Screen Shot 2015-07-07 at 3.34.42 PMNear the end of “Amy,” the heartbreaking doc on the life and career of singer Amy Winehouse, Tony Bennett says, “Life teaches you how to live it if you live long enough.” Dead at age 27, Winehouse never mastered the art of living a life as director Asif Kapadia carefully recounts in this heartbreaking film.

Home movies reveal Amy Winehouse to be a precocious teenager. Charismatic and a bit of a show off, she also possessed a sultry voice that was old and wise beyond the singer’s years. On her song writing one record executive said she had the lyrical and melodic quality of a very old soul in an 18-year-old body. Using music as a remedy for her gripping depression, she wrote personal songs that laid her life bare. Critical success came quickly and along with it comparisons to Billy Holiday, Dinah Washington and Sarah Vaughan.

After the release of her first album Frank, a bad break up threw her into a spiral of alcohol abuse. Refusing to go to rehab—allegedly on the advice of her father—gave her a huge hit—“They tried to make me go to rehab but I said, ‘No, no, no.’”—and a career as a headliner but may also have been the last chance to get right before the world got hold of her.

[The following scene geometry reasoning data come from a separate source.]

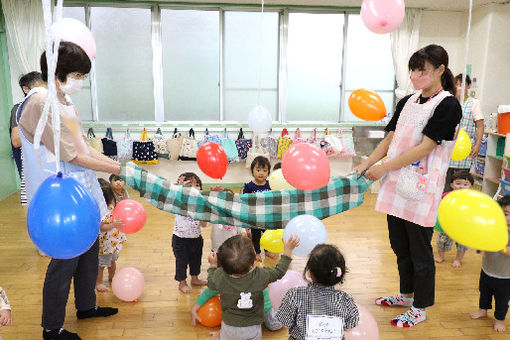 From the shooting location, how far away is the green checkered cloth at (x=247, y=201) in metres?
2.01

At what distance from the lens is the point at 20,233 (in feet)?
11.7

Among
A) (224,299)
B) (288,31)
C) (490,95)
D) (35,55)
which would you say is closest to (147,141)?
(35,55)

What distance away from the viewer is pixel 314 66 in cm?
566

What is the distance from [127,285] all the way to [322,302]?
1.36 meters

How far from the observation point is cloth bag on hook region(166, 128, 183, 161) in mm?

When fame arrived–“I don’t think I could handle it [fame],” she said. “I’d go mad.”—it was a tsunami of adulation, sold out concerts, drugs, booze and destructive relationships.

“Amy” plays on a few levels. It’s a cautionary tale of the effects of international stardom. It’s a portrait of drug addiction and it’s the story of an exploited artist caught up in whirlwind of commitments and contracts. (It must be noted that Winehouse’s father Mitch strongly disagrees with the way the film portrays both him and the final years of Amy’s life.) It’s an account of a woman who looked to men for protection, and chose badly. It’s the story of Amy, a fiercely talented person who laid her heart bare in her art only to have the thing that should have been her saviour, her music, ultimately be her undoing.

Whether you were a fan or not, the documentary is a heartbreaking journey from her early days in North London, curvy and full-of-life, to stumbling, blank-faced around a stage in Belgrade, emaciated and strung out. Kapadia has assembled most of the key players to tell the story but also, very effectively, uses Winehouse’s autobiographical lyrics to fill in the blanks.

“Amy” is a lot of things, but mostly it’s a portrait of a vulnerable woman who didn’t live long enough to learn how to live.